Armed Scout Biplane Prototype


United Kingdom | 1915



"Of peculiar design, the Royal Aircraft Factory BE.9 was proposed with a gunners nacelle ahead of the spinning propeller blades - just one prototype was completed."

Power & Performance
Those special qualities that separate one aircraft design from another. Performance specifications presented assume optimal operating conditions for the Royal Aircraft Factory BE.9 Armed Scout Biplane Prototype.
1 x Royal Aircraft Factory (RAF) 1a V8 air-cooled engine developing 90 horsepower driving four-bladed wooden propeller at the nose (ahead of the pilot, aft of the gunner) in tractor arrangement.
Propulsion
84 mph
135 kph | 73 kts
Max Speed
7,497 ft
2,285 m | 1 miles
Service Ceiling
149 miles
240 km | 130 nm
Operational Range
225 ft/min
69 m/min
Rate-of-Climb
Structure
The nose-to-tail, wingtip-to-wingtip physical qualities of the Royal Aircraft Factory BE.9 Armed Scout Biplane Prototype.
2
(MANNED)
Crew
29.0 ft
8.85 m
O/A Length
41.0 ft
(12.50 m)
O/A Width
11.5 ft
(3.50 m)
O/A Height
Armament
Available supported armament and special-mission equipment featured in the design of the Royal Aircraft Factory BE.9 Armed Scout Biplane Prototype .
PROPOSED:
1 x 0.303 caliber (7.7mm) Lewis Gun in forward gunner's nacelle.
Variants
Notable series variants as part of the Royal Aircraft Factory BE.9 family line.
BE.9 - Base Series Designation.


Authored By: Staff Writer | Last Edited: 10/23/2020 | Content ©www.MilitaryFactory.com | The following text is exclusive to this site; No A.I. was used in the generation of this content.

The proposed Royal Aircraft Factory BE.9 biplane armed scout prototype attempted to remedy the ability of British fighters to engage forward targets without synchronization gear (which still had to be perfected for British fighters in 1915). Synchronization allowed weapons to be fired through spinning propeller blades, giving a considerable advantage to combatants against less flexible designs. The Royal Aircraft Factory's work in the field resulted in a rather unorthodox arrangement in which the gunner was sat in a separate nacelle ahead of both the engine (including spinning propeller!) and pilot (his position aft of the engine proper).
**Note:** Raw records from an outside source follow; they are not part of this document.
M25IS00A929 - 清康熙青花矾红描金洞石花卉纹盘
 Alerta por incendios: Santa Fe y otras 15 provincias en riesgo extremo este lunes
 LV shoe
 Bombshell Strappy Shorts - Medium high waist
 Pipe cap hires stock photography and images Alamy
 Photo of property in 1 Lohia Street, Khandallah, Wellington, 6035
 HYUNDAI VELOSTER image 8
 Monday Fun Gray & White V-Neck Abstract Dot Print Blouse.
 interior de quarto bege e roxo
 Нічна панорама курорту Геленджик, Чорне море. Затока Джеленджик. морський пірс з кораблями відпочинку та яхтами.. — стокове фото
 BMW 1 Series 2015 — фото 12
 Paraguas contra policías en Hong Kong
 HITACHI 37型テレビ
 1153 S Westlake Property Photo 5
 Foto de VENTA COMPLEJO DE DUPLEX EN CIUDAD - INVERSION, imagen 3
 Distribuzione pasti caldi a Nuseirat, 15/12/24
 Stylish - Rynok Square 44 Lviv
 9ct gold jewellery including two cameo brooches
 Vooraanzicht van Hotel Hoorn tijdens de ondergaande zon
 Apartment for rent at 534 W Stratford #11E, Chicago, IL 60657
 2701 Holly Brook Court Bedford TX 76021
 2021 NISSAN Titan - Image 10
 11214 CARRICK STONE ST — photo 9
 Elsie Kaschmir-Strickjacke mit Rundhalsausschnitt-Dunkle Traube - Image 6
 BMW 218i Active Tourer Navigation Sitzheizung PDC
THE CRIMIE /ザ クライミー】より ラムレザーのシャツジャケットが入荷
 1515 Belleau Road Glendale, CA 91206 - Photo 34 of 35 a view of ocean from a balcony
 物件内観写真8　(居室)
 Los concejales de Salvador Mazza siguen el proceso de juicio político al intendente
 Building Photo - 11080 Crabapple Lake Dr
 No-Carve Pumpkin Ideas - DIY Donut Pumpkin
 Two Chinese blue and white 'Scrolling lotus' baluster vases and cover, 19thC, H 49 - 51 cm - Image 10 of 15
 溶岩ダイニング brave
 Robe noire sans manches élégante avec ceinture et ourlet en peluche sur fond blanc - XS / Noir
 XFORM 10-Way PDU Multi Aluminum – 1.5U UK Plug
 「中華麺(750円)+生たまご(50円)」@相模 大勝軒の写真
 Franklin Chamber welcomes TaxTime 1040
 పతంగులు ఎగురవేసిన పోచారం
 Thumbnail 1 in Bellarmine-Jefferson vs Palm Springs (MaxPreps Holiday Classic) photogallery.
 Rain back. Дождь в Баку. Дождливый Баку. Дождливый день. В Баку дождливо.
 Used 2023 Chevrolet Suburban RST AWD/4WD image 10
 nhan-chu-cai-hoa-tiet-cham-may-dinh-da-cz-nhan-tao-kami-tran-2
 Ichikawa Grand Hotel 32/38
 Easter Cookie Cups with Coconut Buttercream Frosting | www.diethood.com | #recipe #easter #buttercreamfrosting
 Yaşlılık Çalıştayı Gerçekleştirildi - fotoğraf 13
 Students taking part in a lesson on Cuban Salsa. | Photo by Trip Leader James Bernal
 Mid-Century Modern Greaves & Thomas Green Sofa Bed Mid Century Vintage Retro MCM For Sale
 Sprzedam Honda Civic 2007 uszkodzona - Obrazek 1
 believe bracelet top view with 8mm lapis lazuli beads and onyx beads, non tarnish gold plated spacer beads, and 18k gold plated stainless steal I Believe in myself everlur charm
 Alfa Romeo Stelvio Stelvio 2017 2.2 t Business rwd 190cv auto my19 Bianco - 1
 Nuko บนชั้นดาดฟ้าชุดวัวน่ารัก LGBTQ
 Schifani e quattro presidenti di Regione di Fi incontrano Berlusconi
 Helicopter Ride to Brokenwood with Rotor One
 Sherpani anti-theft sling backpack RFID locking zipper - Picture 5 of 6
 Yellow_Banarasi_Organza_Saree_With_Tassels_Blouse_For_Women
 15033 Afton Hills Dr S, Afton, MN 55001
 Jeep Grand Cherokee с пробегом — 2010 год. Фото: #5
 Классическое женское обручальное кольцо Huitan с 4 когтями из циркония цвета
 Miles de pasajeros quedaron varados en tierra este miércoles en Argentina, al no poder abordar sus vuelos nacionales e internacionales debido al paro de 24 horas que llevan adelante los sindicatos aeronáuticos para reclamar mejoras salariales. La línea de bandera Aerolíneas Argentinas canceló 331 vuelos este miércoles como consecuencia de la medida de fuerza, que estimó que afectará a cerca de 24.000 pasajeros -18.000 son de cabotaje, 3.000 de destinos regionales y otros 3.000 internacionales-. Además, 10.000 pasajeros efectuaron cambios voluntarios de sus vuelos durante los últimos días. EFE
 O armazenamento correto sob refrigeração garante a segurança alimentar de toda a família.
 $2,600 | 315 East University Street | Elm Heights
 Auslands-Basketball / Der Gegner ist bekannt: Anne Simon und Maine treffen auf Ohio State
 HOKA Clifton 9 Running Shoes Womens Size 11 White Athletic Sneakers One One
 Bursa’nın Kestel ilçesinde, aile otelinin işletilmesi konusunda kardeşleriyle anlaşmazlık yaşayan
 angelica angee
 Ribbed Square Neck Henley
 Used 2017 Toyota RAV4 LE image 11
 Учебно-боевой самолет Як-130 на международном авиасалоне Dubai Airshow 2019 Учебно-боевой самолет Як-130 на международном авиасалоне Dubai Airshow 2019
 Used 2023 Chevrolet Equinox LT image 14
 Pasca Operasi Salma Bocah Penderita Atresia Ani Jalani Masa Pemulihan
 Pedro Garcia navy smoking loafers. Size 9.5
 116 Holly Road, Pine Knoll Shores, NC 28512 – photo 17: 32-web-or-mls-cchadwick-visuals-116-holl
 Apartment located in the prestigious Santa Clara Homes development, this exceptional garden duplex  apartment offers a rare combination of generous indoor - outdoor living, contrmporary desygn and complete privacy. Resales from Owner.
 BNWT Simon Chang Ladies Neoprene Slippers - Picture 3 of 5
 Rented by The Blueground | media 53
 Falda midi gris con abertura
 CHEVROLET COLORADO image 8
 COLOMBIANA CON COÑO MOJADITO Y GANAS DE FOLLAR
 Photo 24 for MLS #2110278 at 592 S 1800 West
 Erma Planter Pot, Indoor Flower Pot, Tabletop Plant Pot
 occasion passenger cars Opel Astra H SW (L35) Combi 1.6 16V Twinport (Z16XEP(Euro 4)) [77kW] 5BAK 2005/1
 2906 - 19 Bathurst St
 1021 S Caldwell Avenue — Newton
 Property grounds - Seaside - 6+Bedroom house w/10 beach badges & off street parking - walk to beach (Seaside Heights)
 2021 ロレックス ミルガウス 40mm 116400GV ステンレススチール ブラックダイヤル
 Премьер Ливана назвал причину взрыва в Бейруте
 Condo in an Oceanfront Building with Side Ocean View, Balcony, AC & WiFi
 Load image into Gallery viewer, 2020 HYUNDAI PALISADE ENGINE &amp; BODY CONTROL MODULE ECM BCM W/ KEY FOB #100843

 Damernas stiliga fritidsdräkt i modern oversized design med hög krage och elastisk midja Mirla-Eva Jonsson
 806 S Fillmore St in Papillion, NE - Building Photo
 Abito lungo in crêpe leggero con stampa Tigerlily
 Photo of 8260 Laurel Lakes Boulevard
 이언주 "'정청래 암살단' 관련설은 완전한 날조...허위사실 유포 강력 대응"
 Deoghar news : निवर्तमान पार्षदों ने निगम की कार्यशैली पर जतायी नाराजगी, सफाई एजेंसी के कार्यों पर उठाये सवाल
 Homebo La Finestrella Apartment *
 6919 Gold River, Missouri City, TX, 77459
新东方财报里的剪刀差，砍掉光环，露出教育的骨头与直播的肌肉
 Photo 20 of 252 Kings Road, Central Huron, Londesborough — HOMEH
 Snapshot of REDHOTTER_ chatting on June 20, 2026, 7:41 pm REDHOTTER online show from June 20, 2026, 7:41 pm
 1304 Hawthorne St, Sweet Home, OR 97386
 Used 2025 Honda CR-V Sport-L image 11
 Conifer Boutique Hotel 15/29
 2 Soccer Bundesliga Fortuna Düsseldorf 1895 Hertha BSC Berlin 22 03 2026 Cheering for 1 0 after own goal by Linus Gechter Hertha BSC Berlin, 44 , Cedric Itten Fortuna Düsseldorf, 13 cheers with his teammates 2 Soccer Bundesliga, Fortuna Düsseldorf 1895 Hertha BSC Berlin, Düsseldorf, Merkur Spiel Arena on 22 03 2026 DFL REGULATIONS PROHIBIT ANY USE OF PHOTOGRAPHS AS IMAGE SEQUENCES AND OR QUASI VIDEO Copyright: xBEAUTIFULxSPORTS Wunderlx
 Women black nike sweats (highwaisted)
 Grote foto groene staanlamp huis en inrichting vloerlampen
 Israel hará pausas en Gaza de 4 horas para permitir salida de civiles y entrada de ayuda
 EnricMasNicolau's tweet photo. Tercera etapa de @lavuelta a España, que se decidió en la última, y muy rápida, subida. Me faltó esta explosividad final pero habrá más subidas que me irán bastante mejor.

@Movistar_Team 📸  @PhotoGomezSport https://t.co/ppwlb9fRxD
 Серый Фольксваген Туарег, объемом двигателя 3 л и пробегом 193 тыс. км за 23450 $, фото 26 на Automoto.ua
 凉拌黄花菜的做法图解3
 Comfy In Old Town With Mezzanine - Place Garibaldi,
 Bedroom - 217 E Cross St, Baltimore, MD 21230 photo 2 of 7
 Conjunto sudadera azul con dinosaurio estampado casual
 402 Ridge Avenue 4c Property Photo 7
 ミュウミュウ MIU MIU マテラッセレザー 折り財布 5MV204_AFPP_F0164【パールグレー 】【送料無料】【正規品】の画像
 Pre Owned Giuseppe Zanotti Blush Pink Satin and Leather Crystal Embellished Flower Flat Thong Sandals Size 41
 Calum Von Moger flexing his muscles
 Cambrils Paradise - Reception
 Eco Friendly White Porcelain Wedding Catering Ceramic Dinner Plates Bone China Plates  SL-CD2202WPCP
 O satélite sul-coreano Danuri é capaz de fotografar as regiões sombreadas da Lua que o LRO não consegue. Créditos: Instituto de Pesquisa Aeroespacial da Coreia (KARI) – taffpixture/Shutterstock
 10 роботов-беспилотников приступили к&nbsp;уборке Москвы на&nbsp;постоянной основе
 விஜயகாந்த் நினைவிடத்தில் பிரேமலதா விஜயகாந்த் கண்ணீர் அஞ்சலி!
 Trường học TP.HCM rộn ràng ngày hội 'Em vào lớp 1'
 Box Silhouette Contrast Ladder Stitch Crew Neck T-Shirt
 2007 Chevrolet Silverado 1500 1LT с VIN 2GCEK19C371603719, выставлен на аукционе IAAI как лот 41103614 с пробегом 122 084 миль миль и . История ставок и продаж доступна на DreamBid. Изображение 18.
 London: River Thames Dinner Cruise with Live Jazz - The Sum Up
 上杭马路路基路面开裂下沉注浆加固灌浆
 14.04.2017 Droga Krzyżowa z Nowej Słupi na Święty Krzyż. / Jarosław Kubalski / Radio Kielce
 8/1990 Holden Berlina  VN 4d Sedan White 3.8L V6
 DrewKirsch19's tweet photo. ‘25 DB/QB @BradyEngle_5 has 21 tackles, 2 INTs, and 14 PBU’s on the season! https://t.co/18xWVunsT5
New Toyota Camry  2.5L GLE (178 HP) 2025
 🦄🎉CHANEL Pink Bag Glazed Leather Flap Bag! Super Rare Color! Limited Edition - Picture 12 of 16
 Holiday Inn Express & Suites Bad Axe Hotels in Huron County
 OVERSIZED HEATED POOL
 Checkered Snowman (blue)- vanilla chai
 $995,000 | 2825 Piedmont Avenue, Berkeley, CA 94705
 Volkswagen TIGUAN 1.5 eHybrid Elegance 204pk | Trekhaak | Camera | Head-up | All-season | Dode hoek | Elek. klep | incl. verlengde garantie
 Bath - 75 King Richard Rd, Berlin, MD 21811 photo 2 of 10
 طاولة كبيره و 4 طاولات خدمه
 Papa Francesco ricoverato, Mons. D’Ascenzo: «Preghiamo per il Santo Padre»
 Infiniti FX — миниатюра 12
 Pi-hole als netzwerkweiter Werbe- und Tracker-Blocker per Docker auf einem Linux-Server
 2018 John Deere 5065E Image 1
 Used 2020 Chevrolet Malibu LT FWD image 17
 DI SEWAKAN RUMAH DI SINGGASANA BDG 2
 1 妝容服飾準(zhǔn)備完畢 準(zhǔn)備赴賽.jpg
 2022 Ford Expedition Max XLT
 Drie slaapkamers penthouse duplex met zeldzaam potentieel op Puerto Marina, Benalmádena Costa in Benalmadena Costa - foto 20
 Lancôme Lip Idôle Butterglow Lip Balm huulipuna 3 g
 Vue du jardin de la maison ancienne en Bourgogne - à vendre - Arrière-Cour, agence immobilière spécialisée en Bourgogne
The end-product proved too ungainly to be taken seriously and the design did not materialize beyond a single prototype.

In the early years of the war, there proved no effective means of firing bullets through spinning propeller blades for the allies despite countless experiments and the optimal arrangement, therefore, became the "pusher" prop style in which the engine and propeller were positioned aft of the pilot, allowing the pilot (or accompanying gunner/observer) to engage forward targets with front-mounted weaponry. This was effective up to a point but, as tractor/puller technology eclipsed performance of trailer/pusher types, the need grew for a more effective gunnery solution - hence the BE.9 prototype.

Engineers of the Royal Aircraft Factory took an existing twin-seat (tandem), single-engine BE.2c multirole biplane and added a unarmored, boxey structure ahead of the propeller. At this position was added the machine gun and seating for a dedicated machine gunner. The original observer's position in the fuselage was deleted, the engine now taking its place.

The two of crew sat a considerable distance away from one another, no doubt reducing verbal (and even visual) communications between the two. The pilot's open-air cockpit was near midships with the gunner's position at the extreme nose of the aircraft. The tail used a single rudder fin approach with low-mounted horizontal planes. For ground-running, a tail-dragger configuration was used that included braced, wheeled main legs under the forward mass of the aircraft and a simple, pivoting skid under the tail.

The biplane wing arrangement was a simple over-under arrangement of equal-span and twin-bay design. Struts were forward-angled pairs with applicable cabling for support. The lower wing members were attached at the sides of the fuselage (about mid-mount) with the upper wing member elevated above the fuselage and pilot. A section of the trailing edge over the pilot was cut-out to aid in vision out-of-the-cockpit.

As designed, the aircraft was given a length of 29 feet, a wingspan of 40.10 feet, and a height of 11.4 feet. Power was from a single RAF 1a series V8 air-cooled engine of 90 horsepower used to drive a four-bladed propeller unit near the forward end of the fuselage in tractor arrangement. Listed performance specs only include a maximum speed of 82 miles-per-hour as well as a time-to-altitude of 1,000 feet in 4.5 minutes.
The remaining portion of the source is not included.